I notice that a lot of information on HVAC suggests that people have their unit checked before each season to keep it running more efficiently.  Is this really necessary?  I don't know anyone who does this.  My brother called for a check-up a few years ago and the service person acted puzzled.  He continually asked if he was experiencing any problems and was told no, "I just wanted to get a check-up."  The service person told my brother that unless you are having problems, there is really nothing to check.  
Last year,  we had a mouse removed from our furnace due to odor and I asked if he could give it a check-up and he asked if I was having any problems other than the smell.  I said no, and the service person said "then everything should be good."  To me, it's like those commercials that say, "ask your doctor," but when you do ask your doctor, they look at you as though you're crazy.


----------



## kok328 (Oct 9, 2009)

If your not familiar with working on HVAC systems, it doesn't hurt to have it checked and cleaned.  However, if you can fix whatever breaks during the seasons, then I'd pass on it and deal with it when it occurrs.  Some things are predictive and some you just have to wait until it happens.  I guess it's kinda like have an inspection on your auto.
Maybe they'll find something or maybe they just give you some preventive maintenance.
However, given today's economy, I can't see a service company telling you it's not necessary unless your having problems.  There are some things they can maintenance that will improve performance or reduce your chances of a break down.


----------



## travelover (Oct 9, 2009)

On my old furnace I used to oil the blower motor and the fan bearings every season and occasionally vacuum out the burners as light rust flaked off the heat exchanger and fell on the burners.

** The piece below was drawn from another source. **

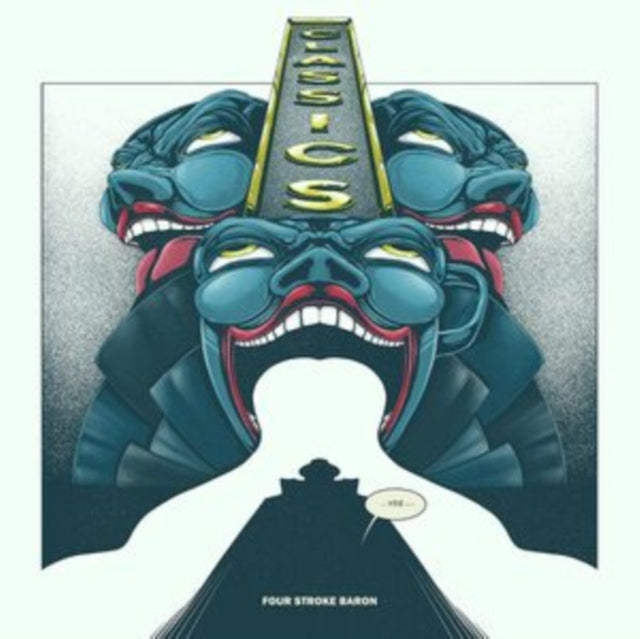 FOUR STROKE BARON - CLASSICS - CD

I had a 95% efficient furnace installed this spring and I asked the installer what maintenance I should do - he said just change the filter. I do keep a check on the humidifier to make sure it is not crusted with minerals and that the AC drain off the A coil is kept clear. Also the PVC inlet and exhaust need to be kept clear of bugs and landscaping growth.


----------



## inspectorD (Oct 9, 2009)

There is plenty of maintinence on A/c and furnaces to be done. I would call another company that wants the work.
Humidifiers get nasty, pans in attics get filled with debrie and the traps clog up, or the pan leaks and you get sheetrock dammage on the ceiling.
Ductwork comes loose, filters need changing and things get dirty.
Heat exchangers go bad and you don't know unless the unit is inspected. Some units are hooked up to well water and the fittings start to corrode.

There are plenty of other things to look at, and sure you can wait for it to become an issue, but when it's 10 below outside...and you wake up and the house is 50 degrees..well..your doing the right thing.


----------